Maintaining a high velocity in development teams requires us to continuously improve our daily workflows. Build pipelines specifically, make up for a big chunk of these workflows since they’re involved whether we’re developing, testing or deploying our code.
At Skroutz it’s not unusual to perform over 30 deployments during the course of a day, while the test suite needs to be run even more frequently. And that’s for the main application only.
As our organization grew, certain build pipelines got slow to the point where they became too disruptive.

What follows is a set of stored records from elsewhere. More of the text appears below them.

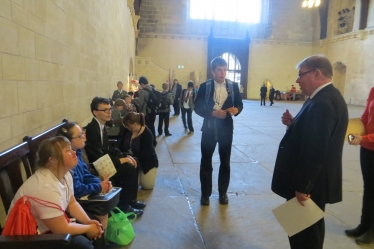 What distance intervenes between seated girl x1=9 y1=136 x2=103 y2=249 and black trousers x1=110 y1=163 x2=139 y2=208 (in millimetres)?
1130

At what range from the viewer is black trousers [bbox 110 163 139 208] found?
122 inches

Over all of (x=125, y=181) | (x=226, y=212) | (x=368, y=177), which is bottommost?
(x=226, y=212)

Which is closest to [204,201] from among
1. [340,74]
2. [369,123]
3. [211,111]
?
[211,111]

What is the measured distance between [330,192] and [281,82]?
2394cm

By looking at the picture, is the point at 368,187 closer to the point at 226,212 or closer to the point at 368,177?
the point at 368,177

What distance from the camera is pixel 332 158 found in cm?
190

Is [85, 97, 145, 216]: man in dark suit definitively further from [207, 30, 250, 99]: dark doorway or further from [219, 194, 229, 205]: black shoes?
[207, 30, 250, 99]: dark doorway

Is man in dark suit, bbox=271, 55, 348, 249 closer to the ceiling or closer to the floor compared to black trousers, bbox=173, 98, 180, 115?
closer to the ceiling

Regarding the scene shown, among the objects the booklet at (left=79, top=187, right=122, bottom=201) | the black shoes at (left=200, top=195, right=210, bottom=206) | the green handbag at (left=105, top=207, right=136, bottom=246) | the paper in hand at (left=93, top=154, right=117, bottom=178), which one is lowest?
the black shoes at (left=200, top=195, right=210, bottom=206)

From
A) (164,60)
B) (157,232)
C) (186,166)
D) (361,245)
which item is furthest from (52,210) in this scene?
(164,60)

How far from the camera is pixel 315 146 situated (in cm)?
180

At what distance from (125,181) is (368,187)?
2329mm

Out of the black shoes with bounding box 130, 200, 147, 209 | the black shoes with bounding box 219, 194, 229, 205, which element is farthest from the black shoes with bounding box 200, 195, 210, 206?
the black shoes with bounding box 130, 200, 147, 209

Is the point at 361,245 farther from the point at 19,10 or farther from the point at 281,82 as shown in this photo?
the point at 281,82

After all, each minute we’re waiting for a deployment to finish means we can’t work on things that matter.
In this post we will see how these issues led us to create mistry, an open source general-purpose build server.
Background
Our infrastructure is hosted and maintained in-house, so it was a straightforward process to determine where the majority of time was spent during our most critical pipelines.

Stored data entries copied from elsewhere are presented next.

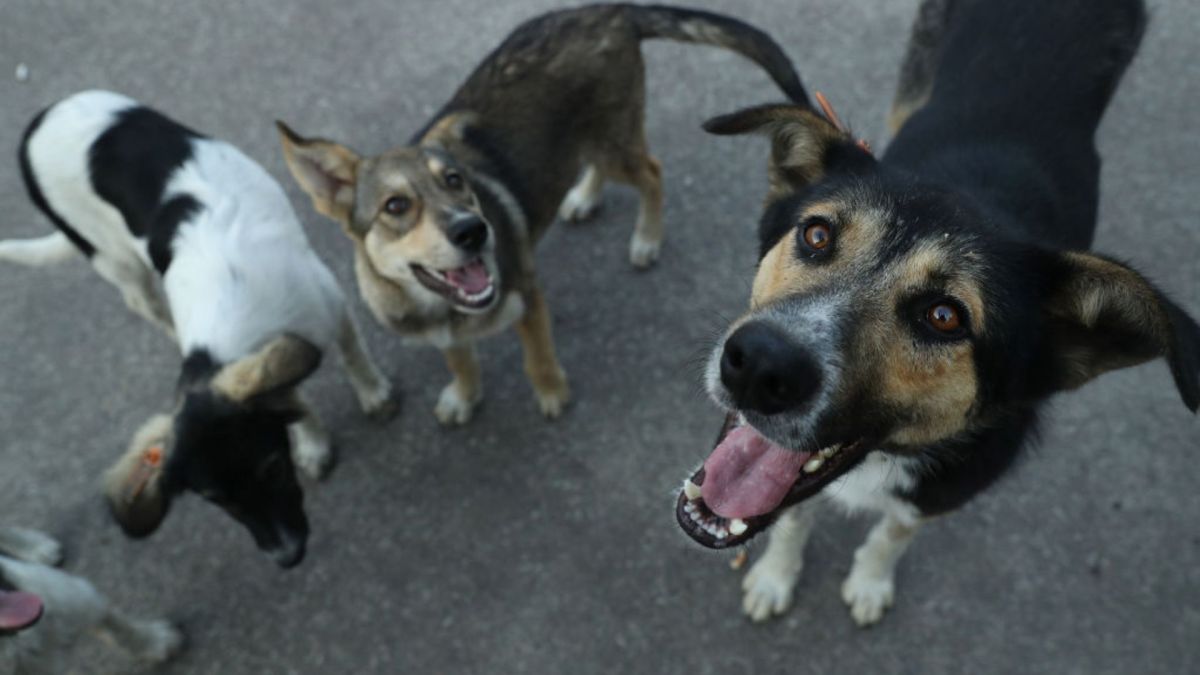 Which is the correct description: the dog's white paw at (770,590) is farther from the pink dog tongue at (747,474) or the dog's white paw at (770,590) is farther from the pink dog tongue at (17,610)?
the pink dog tongue at (17,610)

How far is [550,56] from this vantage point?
376 cm

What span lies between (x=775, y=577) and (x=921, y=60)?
2594 mm

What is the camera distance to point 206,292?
11.0ft

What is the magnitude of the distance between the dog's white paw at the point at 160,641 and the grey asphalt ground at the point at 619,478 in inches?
3.4

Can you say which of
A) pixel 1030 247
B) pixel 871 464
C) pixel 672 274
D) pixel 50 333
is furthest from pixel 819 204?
pixel 50 333

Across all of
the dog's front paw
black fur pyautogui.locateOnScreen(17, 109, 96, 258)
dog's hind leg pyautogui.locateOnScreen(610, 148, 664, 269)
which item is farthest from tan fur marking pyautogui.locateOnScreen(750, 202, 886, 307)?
black fur pyautogui.locateOnScreen(17, 109, 96, 258)

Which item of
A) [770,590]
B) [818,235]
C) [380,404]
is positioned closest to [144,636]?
[380,404]

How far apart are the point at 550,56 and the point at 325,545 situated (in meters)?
2.44

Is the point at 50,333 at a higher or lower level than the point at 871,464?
lower

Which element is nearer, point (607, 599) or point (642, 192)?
point (607, 599)

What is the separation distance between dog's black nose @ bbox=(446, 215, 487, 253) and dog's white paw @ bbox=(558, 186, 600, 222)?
1.50 m

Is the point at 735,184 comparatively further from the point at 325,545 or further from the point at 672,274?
the point at 325,545

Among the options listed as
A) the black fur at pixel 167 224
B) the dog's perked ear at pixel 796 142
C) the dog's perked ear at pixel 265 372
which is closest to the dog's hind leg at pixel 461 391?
the dog's perked ear at pixel 265 372

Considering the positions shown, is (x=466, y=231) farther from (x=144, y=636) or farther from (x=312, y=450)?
(x=144, y=636) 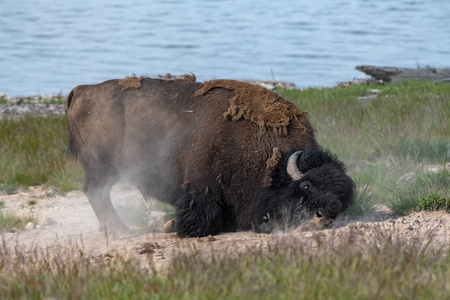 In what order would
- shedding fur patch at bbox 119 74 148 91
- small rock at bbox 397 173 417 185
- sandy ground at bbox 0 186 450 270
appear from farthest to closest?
1. small rock at bbox 397 173 417 185
2. shedding fur patch at bbox 119 74 148 91
3. sandy ground at bbox 0 186 450 270

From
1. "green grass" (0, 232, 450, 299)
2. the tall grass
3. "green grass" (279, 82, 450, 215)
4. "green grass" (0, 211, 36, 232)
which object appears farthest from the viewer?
the tall grass

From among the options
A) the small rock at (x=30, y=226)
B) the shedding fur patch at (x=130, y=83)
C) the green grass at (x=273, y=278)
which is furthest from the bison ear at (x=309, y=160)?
the small rock at (x=30, y=226)

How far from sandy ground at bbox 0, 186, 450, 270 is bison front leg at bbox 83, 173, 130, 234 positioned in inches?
6.4

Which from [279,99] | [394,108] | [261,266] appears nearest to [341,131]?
[394,108]

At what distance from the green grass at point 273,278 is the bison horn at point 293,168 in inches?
64.6

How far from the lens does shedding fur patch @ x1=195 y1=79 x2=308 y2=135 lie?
642 cm

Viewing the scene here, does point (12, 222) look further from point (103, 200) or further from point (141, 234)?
point (141, 234)

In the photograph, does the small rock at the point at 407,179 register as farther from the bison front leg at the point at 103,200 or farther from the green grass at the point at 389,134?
the bison front leg at the point at 103,200

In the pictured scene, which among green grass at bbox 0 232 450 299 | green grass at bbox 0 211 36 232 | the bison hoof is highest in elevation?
green grass at bbox 0 232 450 299

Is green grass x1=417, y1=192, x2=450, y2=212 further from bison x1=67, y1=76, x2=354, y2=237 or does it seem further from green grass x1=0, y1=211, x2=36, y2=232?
green grass x1=0, y1=211, x2=36, y2=232

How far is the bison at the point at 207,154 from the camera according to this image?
20.2 feet

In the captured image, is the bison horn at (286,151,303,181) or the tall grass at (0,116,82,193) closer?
the bison horn at (286,151,303,181)

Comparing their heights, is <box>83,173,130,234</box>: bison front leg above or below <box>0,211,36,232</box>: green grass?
above

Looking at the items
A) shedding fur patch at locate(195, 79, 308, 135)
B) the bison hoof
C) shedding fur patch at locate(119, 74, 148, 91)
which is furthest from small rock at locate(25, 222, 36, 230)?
shedding fur patch at locate(195, 79, 308, 135) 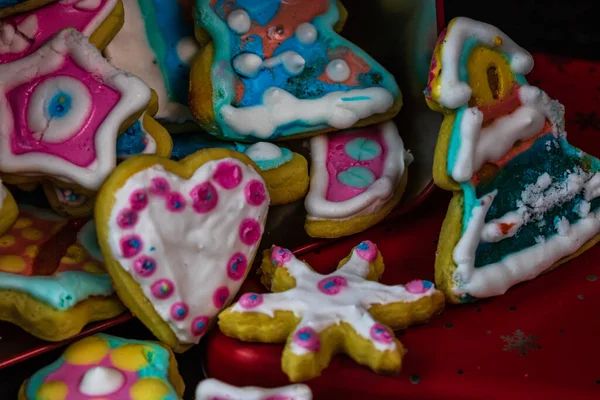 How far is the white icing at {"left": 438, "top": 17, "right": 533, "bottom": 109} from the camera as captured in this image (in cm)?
77

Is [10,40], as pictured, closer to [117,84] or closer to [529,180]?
[117,84]

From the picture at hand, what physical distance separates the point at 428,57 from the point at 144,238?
0.38m

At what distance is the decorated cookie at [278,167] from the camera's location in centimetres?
87

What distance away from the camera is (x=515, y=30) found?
46.2 inches

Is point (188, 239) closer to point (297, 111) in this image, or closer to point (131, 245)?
point (131, 245)

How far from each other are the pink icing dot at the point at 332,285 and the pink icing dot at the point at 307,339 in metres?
0.06

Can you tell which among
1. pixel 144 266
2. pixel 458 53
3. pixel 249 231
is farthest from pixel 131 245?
pixel 458 53

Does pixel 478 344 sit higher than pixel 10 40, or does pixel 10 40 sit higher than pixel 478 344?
pixel 10 40

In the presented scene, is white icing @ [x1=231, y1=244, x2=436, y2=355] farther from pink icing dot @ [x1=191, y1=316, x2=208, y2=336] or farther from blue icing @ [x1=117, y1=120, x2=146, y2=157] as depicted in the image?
blue icing @ [x1=117, y1=120, x2=146, y2=157]

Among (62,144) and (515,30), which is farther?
(515,30)

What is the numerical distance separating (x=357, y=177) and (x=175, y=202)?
0.24 meters

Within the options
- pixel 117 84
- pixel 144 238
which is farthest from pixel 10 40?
pixel 144 238

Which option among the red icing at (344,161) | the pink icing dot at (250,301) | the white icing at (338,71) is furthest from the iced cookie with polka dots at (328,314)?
the white icing at (338,71)

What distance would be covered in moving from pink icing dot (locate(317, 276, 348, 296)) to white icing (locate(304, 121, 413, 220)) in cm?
11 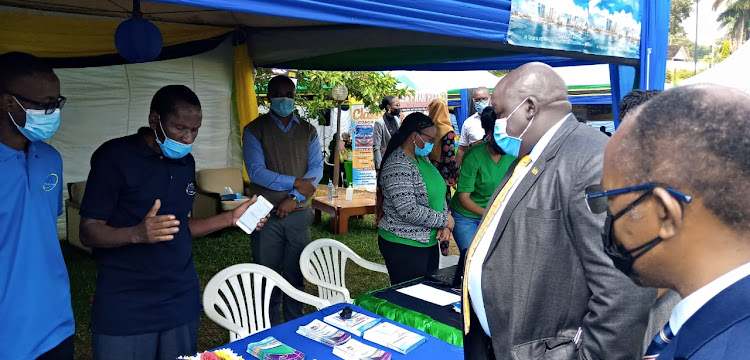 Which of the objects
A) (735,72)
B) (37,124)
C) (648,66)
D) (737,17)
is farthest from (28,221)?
(737,17)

With proper instrumentation set up, we could start pinpointing significantly slow processes in our daily workflows.
Asset compilation
Asset Pipeline is the Ruby on Rails component that takes care of minifying, concatenating, obfuscating and compressing web assets (mostly JS and CSS files); a process called asset compilation. The compiled asset files are those served to the end users. This can be a slow process depending on the size of the application.
In most conventional Rails setups, asset compilation happens as part of the deployment process. To deploy the main application, we use Capistrano:
Capistrano then takes over and sequentially executes a bunch of commands (copy the new code to application servers, restart services etc.) One of the commands is the following:
This compiles the asset files and saves them to a specific path in the local file system. Eventually the files are copied to the application servers ready to be served to the end users.
In our setup, deployment commands (including asset compilation) are executed by a dedicated machine, unsurprisingly called the Deployer. At a high level, the process is illustrated in the following diagram.
Deployer is a black box for most development teams, which means there is no visibility in the asset compilation process. For example, one cannot easily inspect the assets for development or debugging purposes.
Most important is the fact that asset compilation is tightly coupled to the deployment process. This has important ramifications, one of them being the fact that when a revision is deployed to staging and then to production, assets have to be compiled separately each time for both environments, even though the resulting files are identical.
Dependency resolution
Another process significantly slowing down our workflows was dependency resolution.
In order for the main application to boot, its runtime dependencies must be present in the system. This means that CI workers, application servers and engineers must all go through dependency resolution multiple times a day.
Dependencies are essentially Ruby libraries (a.k.a. gems) that are managed by Bundler. Given some files that describe the set of application dependencies along with their version constraints, Bundler decides which gems are needed and downloads them.
A typical Rails monolith contains hundreds of dependencies, which makes dependency resolution a slow process since it involves a lot of network I/O.
The premise
By reflecting on the aforementioned processes, we spotted an opportunity of saving significant amounts of time and resources in a non-disruptive manner; that is, without major changes to our infrastructure or workflows.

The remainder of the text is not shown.